Joe Beechem, CSO of Bruker Spatial Biology, outlined the strategic impact of spatial biology in redefining disease understanding, positioning tissue architecture and cellular organisation as central to predicting therapeutic response.
Traditional omics approaches, while high-dimensional, lack spatial context, often obscuring critical interactions between tumour, immune, and stromal cells. Spatial biology addresses this gap by preserving tissue structure, enabling high-plex analysis of DNA, mRNA, and protein layers within their native environment. Beechem emphasised that comprehensive, multi-layered datasets are essential, as no single modality sufficiently captures the complexity of biological systems.
Recent advances have rapidly expanded the scale of spatial profiling—from tens of markers to whole-transcriptome imaging and high-plex protein detection—mirroring the early trajectory of next-generation sequencing.

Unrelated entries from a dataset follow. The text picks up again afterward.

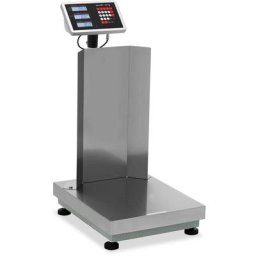 Steinberg - Balance industrielle Balance plateforme Ensacheuse 300 / 0,02 kg 40 x 50 cm - Argent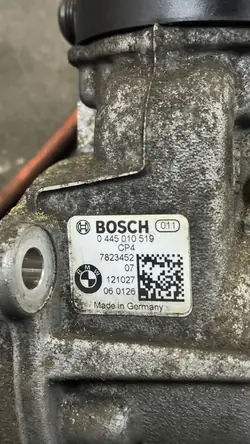 Bomba de combustível BMW MINI 1.6 D 0445010519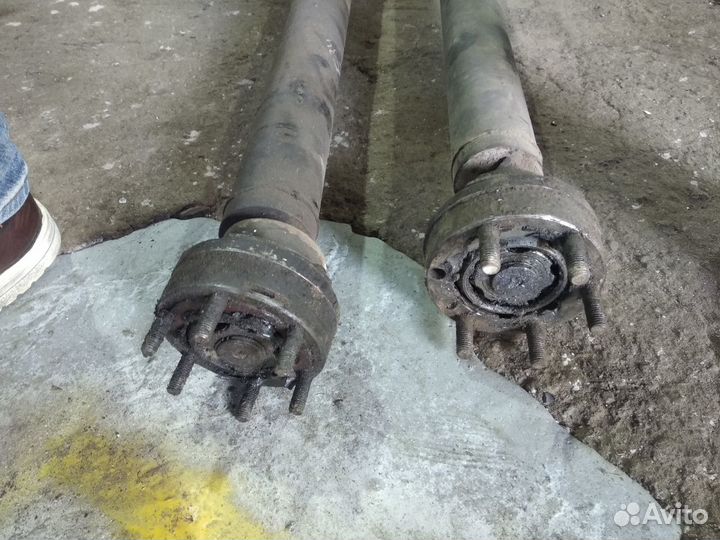 Кардан бмв Е34 МКПП 525 520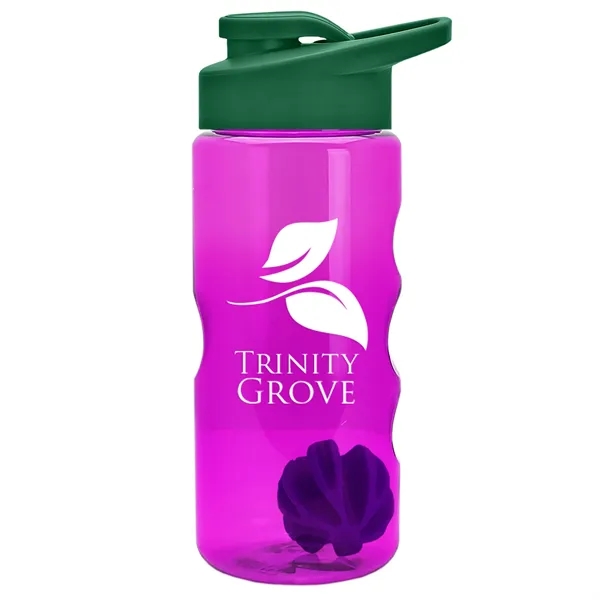 22 Oz. Mini Shaker Bottle with Drink Thru Lid... from ASI 40480 Koozie Group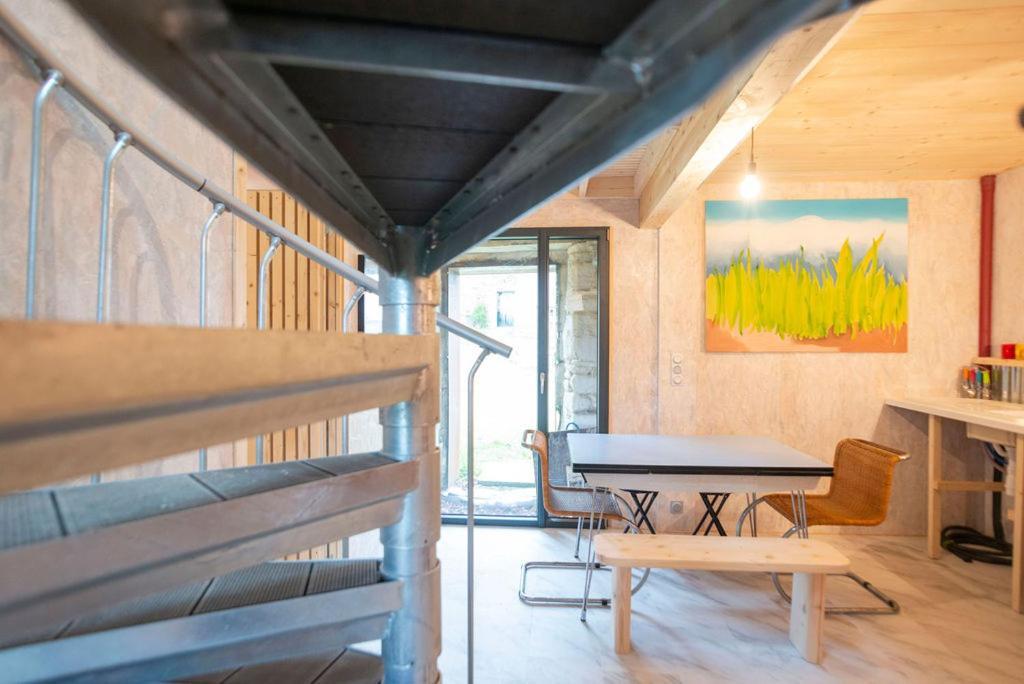 La Ferme Du Golf, Gite Atypique Et Artistique Lancieux Exterior photo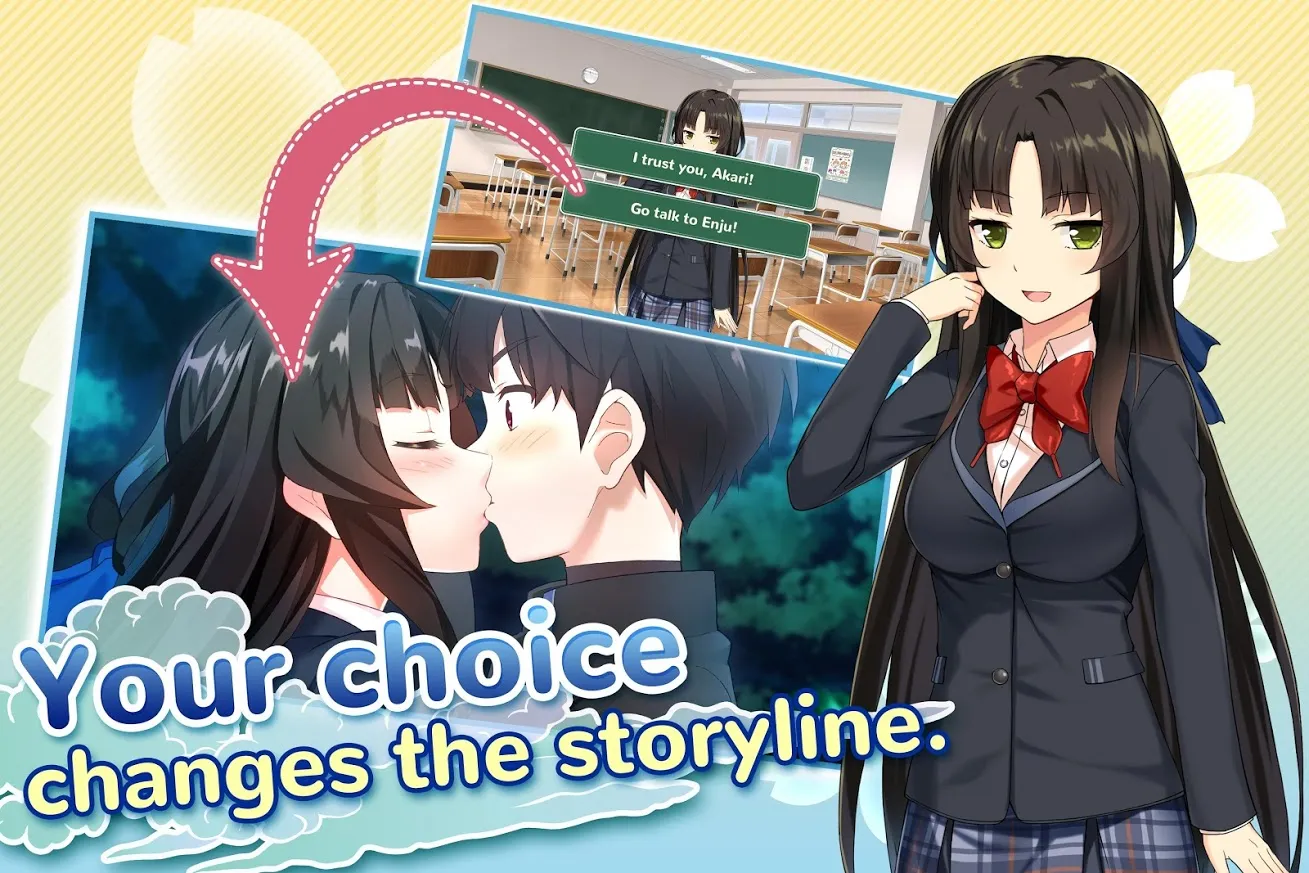 Moe! Ninja Girls/Sexy Happenings at Shinobi School [мод: много денег] Screenshot 2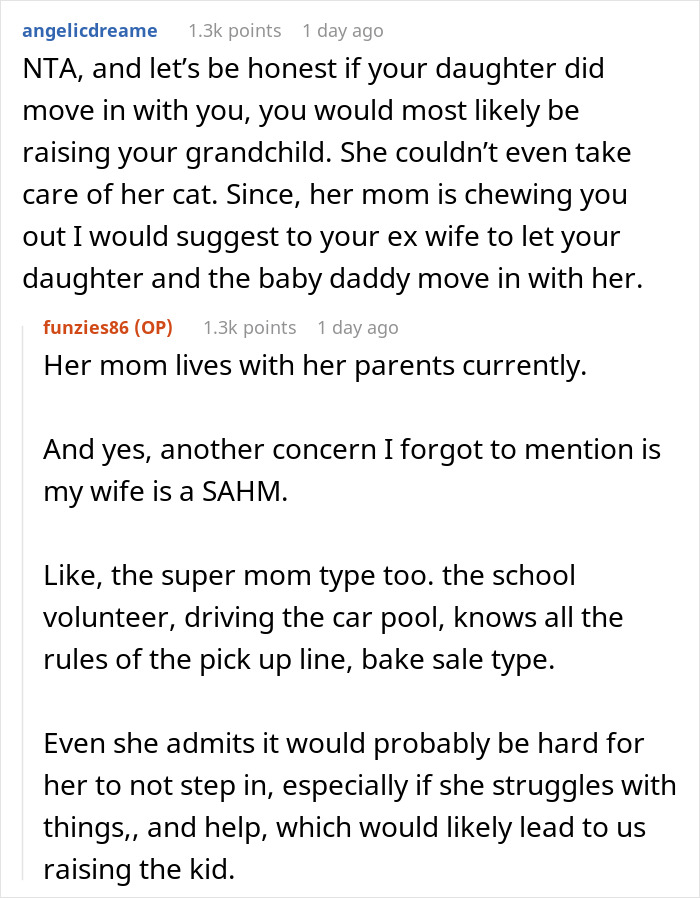 Daughter “Falls In Love” With A Guy She Never Met And Gets Pregnant, Expects The Dad To Take Her In, But He’s Not Having It Daughter “Falls In Love” With A Guy She Never Met And Gets Pregnant, Expects The Dad To Take Her In, But He’s Not Having It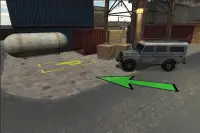 Shanty auto parkeren 3D simulator spel Screen Shot 3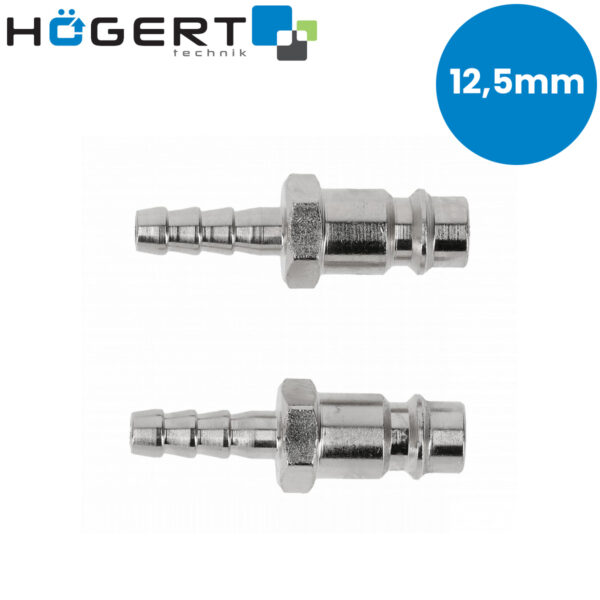 Spojnica sa završetkom za kompresore Hoegert HT4R813 12.5mm muški priključak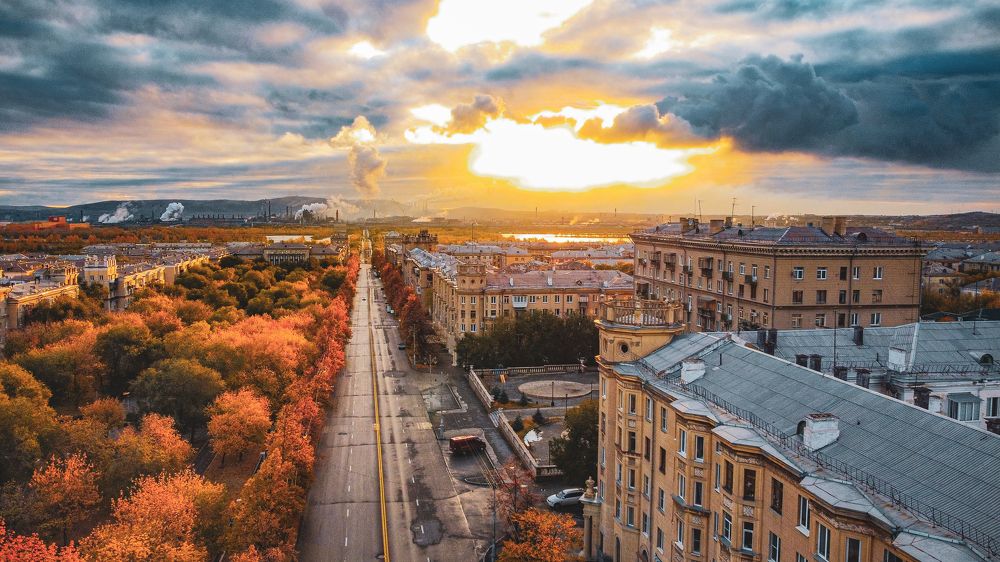 Утренний Магнитогорск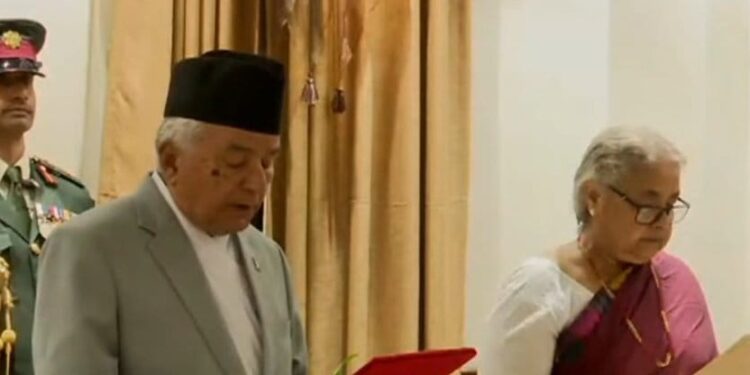 Nepal : ਸੁਸ਼ੀਲਾ ਕਾਰਕੀ ਨੇ ਨੇਪਾਲ ਦੇ ਪ੍ਰਧਾਨ ਮੰਤਰੀ ਅਹੁਦੇ ਦੀ ਚੁੱਕੀ ਸਹੁੰ ; ਬਣੀ ਨੇਪਾਲ ਦੀ ਪਹਿਲੀ ਮਹਿਲਾ PM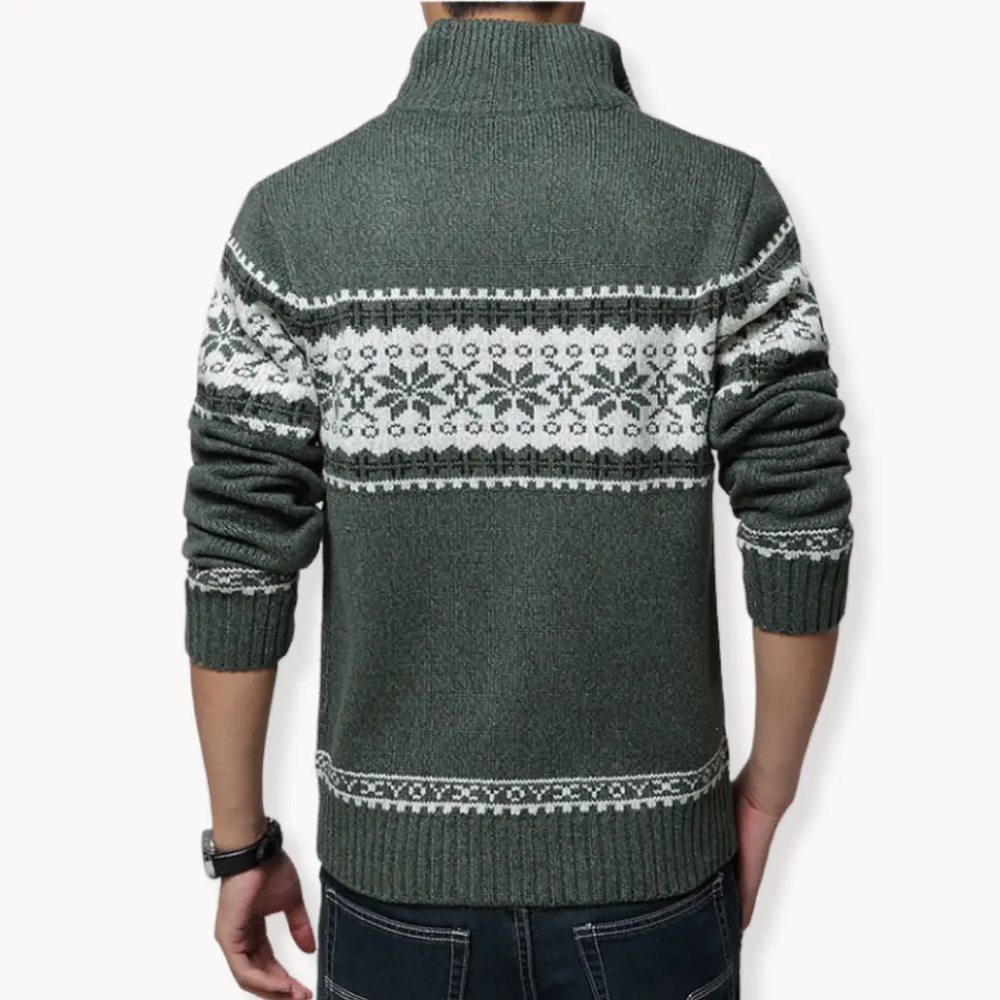 Winter Knit - Cardigan CASA LARO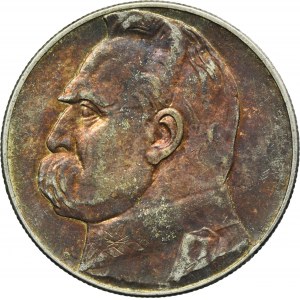 Piłsudski, 10 złotych 1935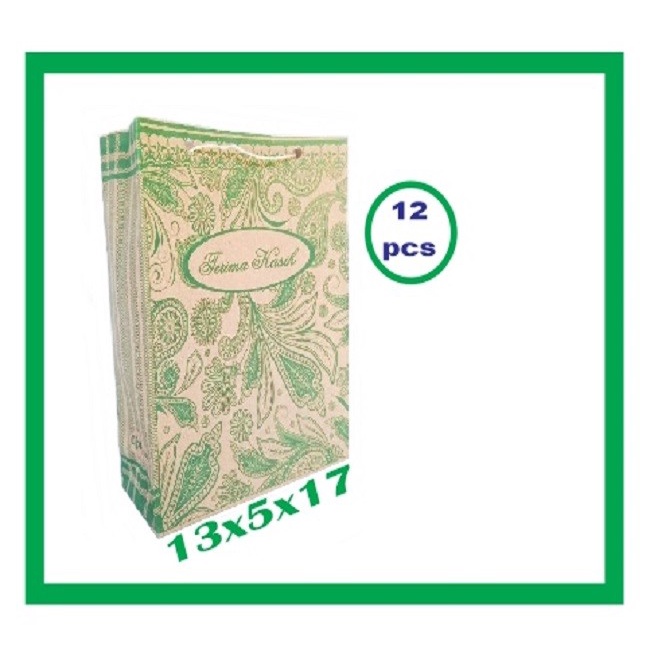 

Tas Kertas Paperbag Souvenir Batik terimakasih 12pcs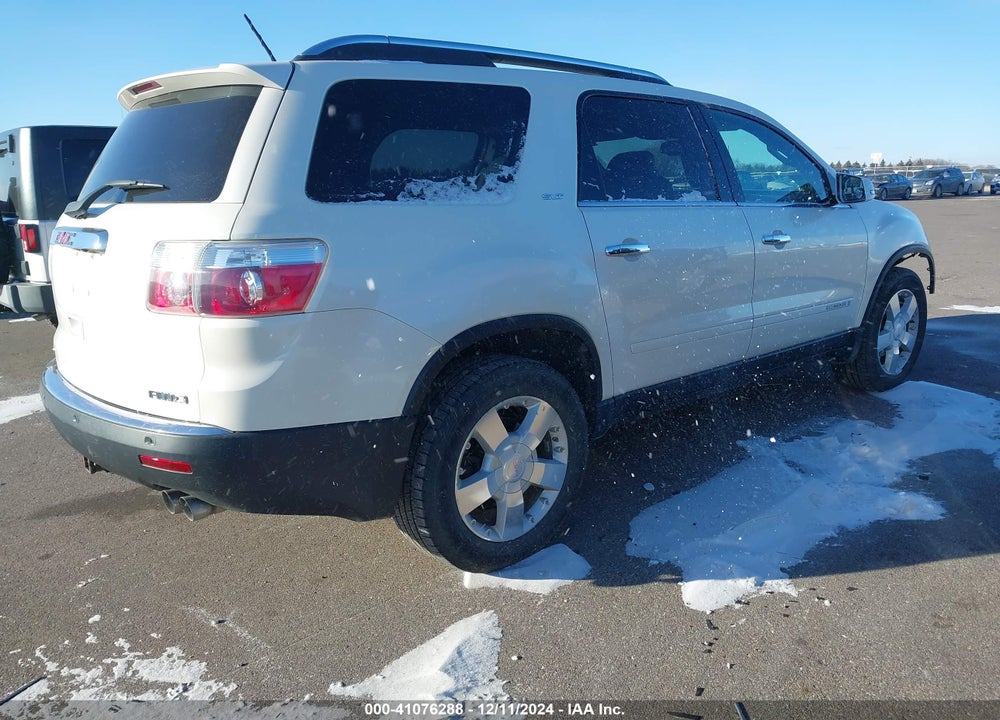 2008 GMC ACADIA SLT-2 VIN: 1GKEV33768J238043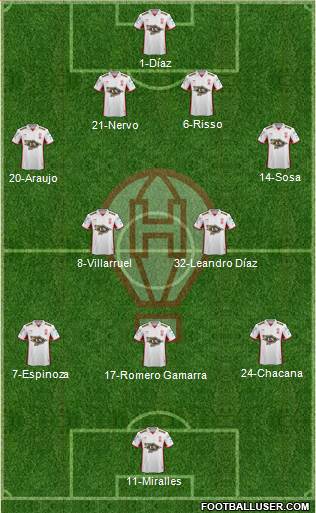 Huracán Formation 2016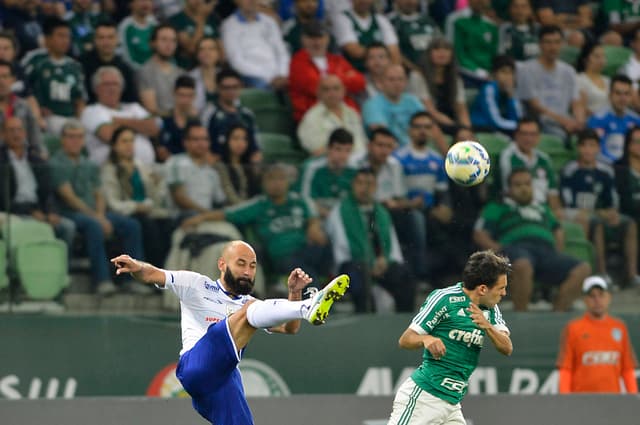 Palmeiras x Cruzeiro (Foto: Mauro Horita/Lancepress!)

While current limitations remain in cost and throughput, the field is transitioning toward large-cohort studies capable of uncovering mechanisms of drug response and resistance at unprecedented resolution.
Strategically, spatial biology is converging with AI-driven analytics. Beechem highlighted the emerging use of large language models for conversational data interrogation, enabling more intuitive exploration of complex spatial datasets and reducing reliance on specialised bioinformatics workflows.
Clinically, spatial data is well positioned for adoption due to its compatibility with imaging-based pathology workflows. Early applications in areas such as oncology—where spatial profiling informs phosphorylation states and immune interactions—demonstrate its potential to enhance clinical trial design and therapeutic decision-making.
Looking ahead, Beechem anticipates the development of second-generation biomarker panels, informed by comprehensive spatial datasets rather than limited, hypothesis-driven markers. These next-generation panels are expected to significantly improve predictive accuracy by capturing previously overlooked biological features, ultimately advancing precision medicine and patient stratification.